Directions –
Look below for the line that has "TX license plate DSB7042"; output exactly from it through the line that has "Krankenschwestern arbeiten an", and leave the pictures out.

• • • •

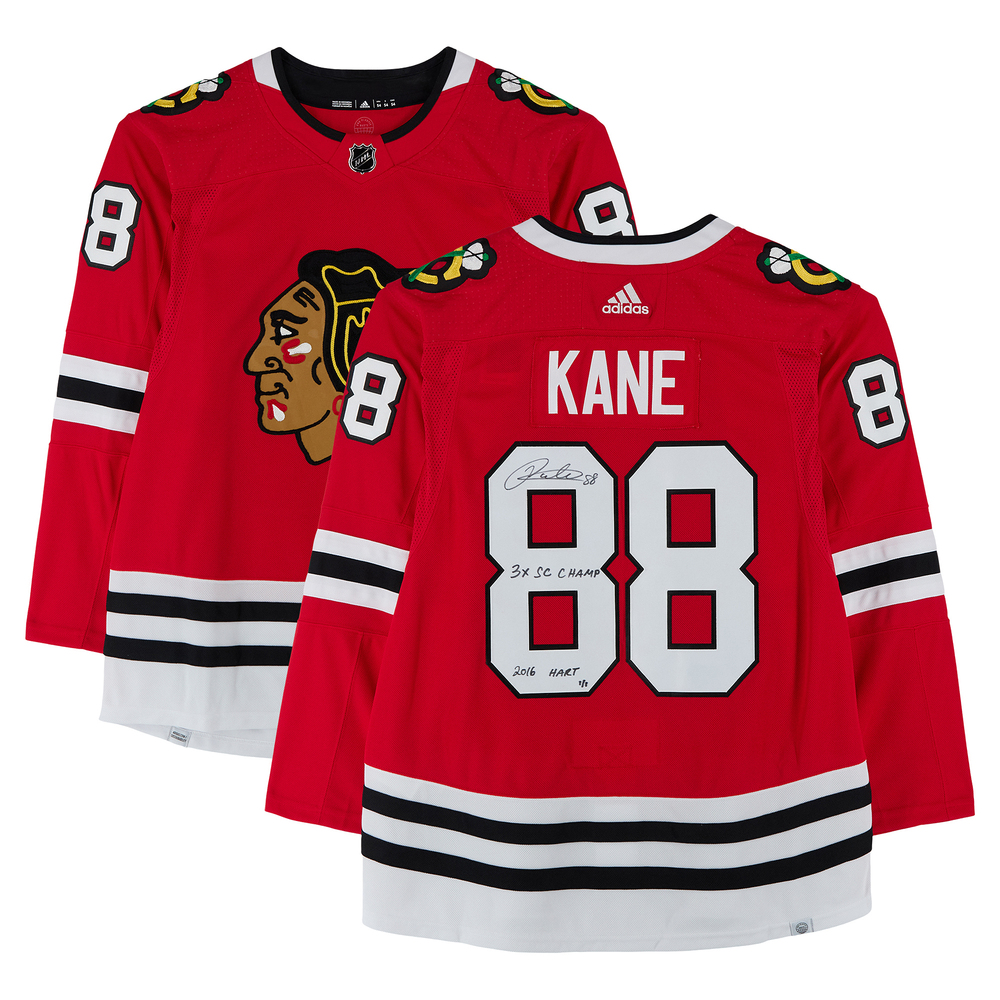Patrick Kane Chicago Blackhawks Autographed Red Adidas Jersey with Multiple Inscriptions - Limited Edition 1 of 1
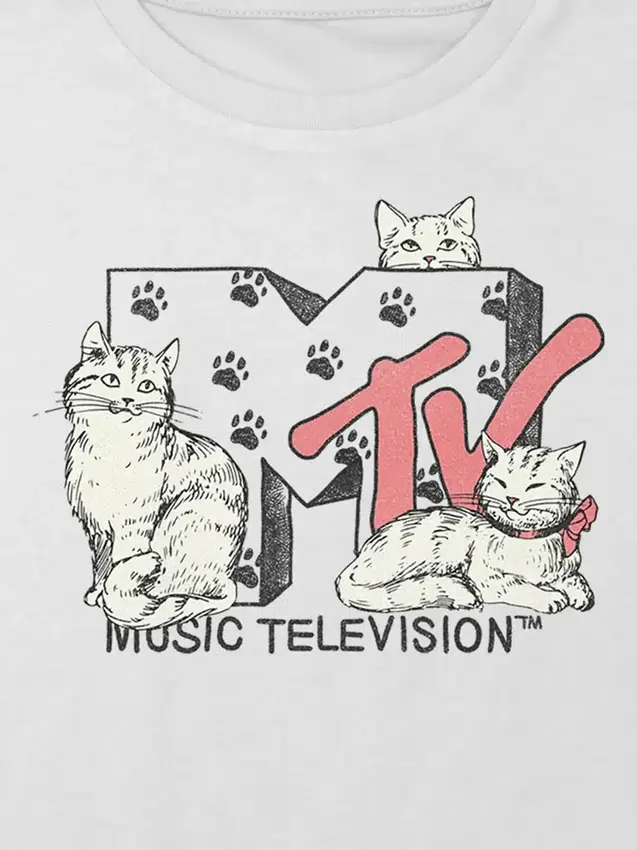 Camiseta corta y holgada con diseño de MTV Cats para niños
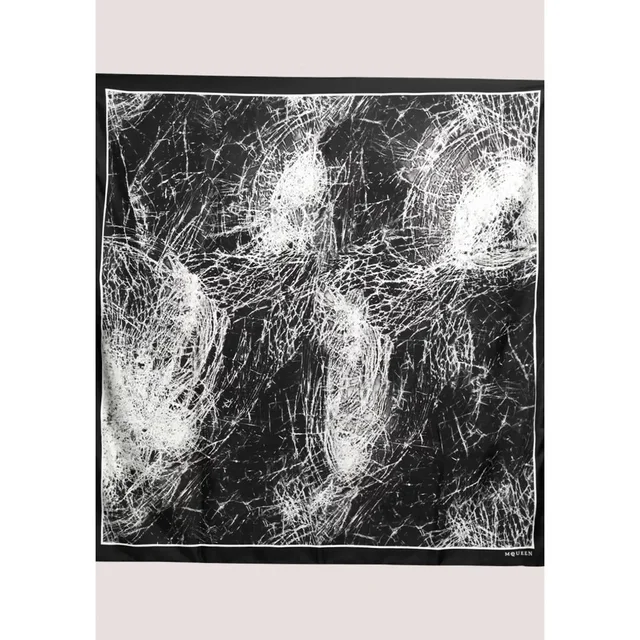 Alexander McQueen Scarf Womens One Size Silk Smashed Glass Printed Black And White in black Silk from Grailed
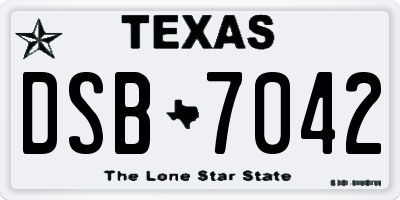 TX license plate DSB7042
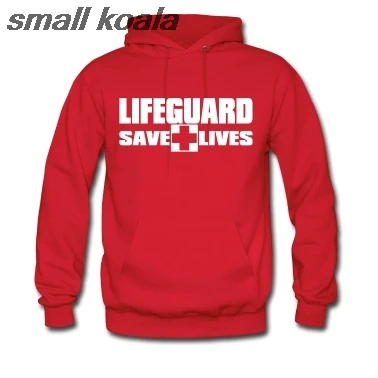 3 Side Print Lifeguard man Hoodie Sweatshirt Red Life Guard New Unisex S-2XL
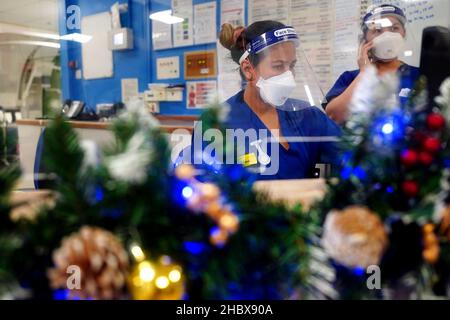 Krankenschwestern arbeiten an einem von Weihnachtsdekorationen umgebenen Schreibtisch auf einer Station für Covid-Patienten im King's College Hospital im Südosten Londons. Bilddatum: Dienstag, 21. Dezember 2021. Stockfoto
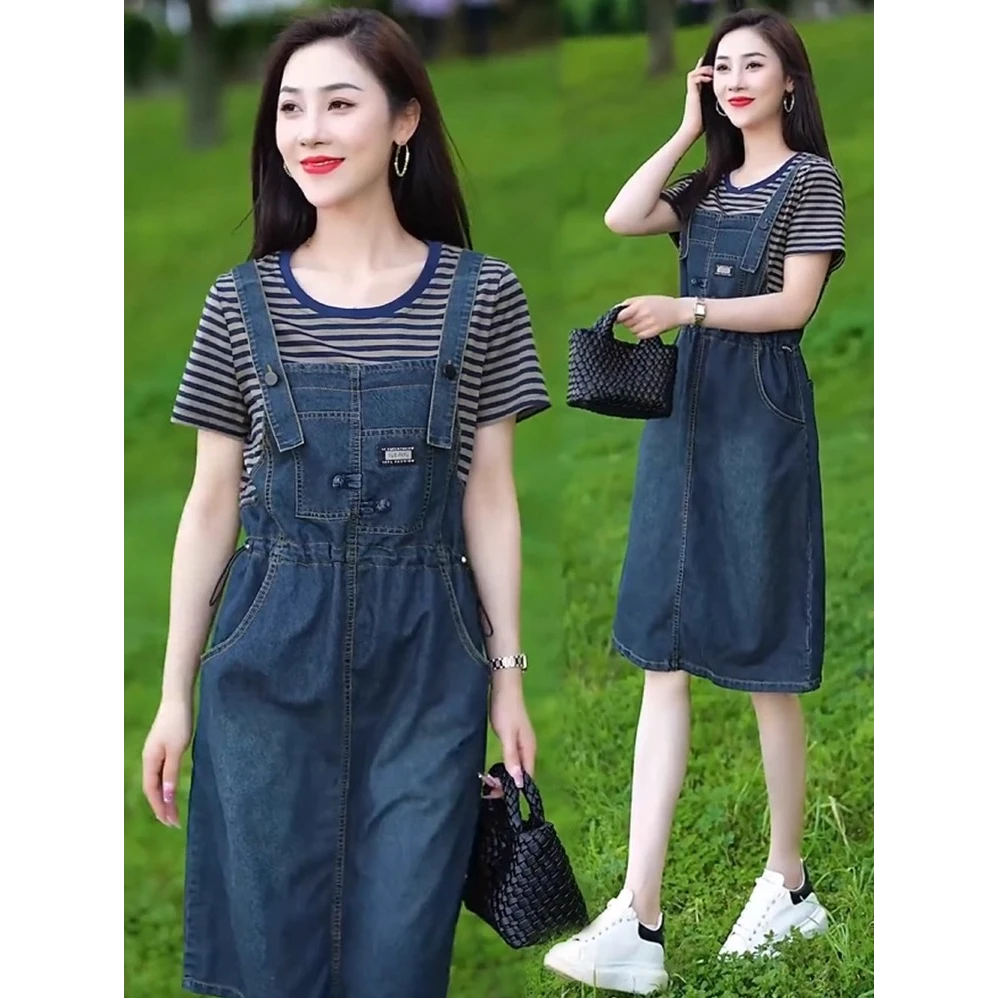 假两件牛仔连衣裙女夏季新款洋气收腰显瘦小个子时尚休闲背带裙子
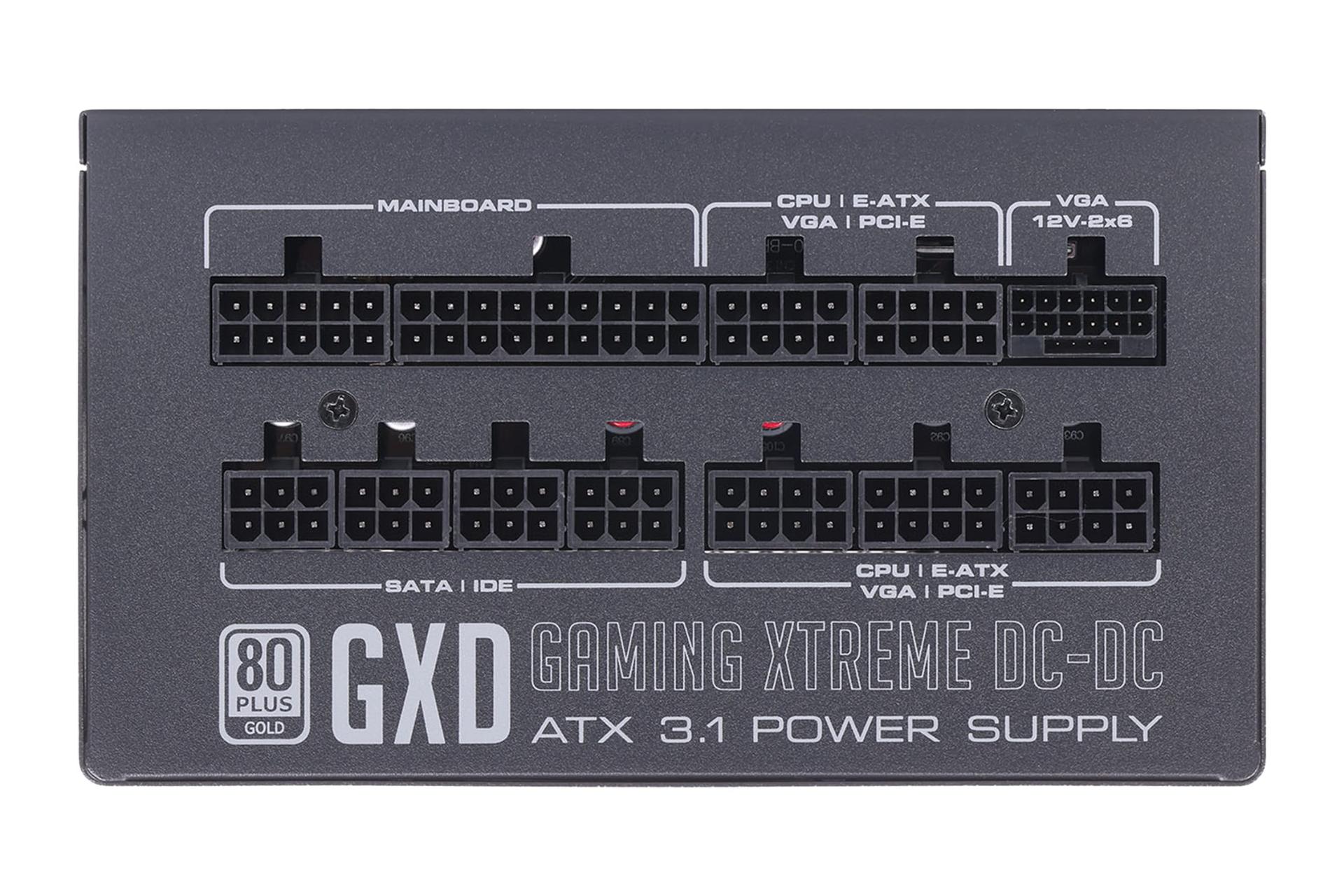 نمای پنل پشت بالای پاور کامپیوتر گرین GP850B-GXD با توان 850 وات با نمایش کانکتورها و اتصالات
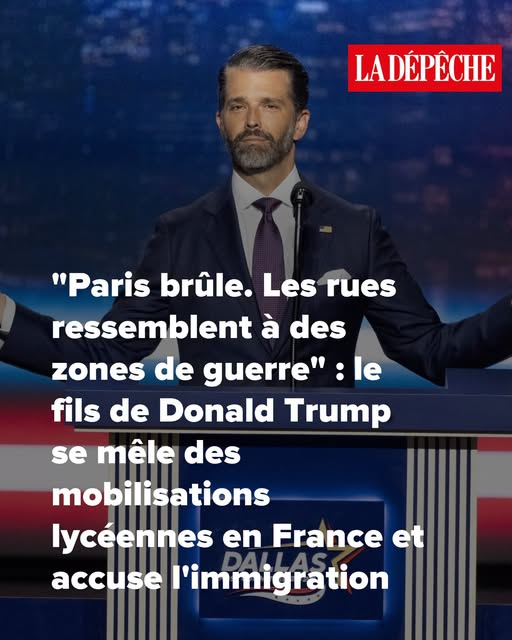 PhilsudOuest's tweet photo. "Paris brûle. Les rues ressemblent à des zones de guerre" : le fils de Donald Trump se mêle des mobilisations lycéennes en France et accuse l'immigration
https://t.co/QXQX2j896p https://t.co/O8d6pBVSUr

• • • •

Written response –
 TX license plate DSB7042
 3 Side Print Lifeguard man Hoodie Sweatshirt Red Life Guard New Unisex S-2XL
 Krankenschwestern arbeiten an einem von Weihnachtsdekorationen umgebenen Schreibtisch auf einer Station für Covid-Patienten im King's College Hospital im Südosten Londons. Bilddatum: Dienstag, 21. Dezember 2021. Stockfoto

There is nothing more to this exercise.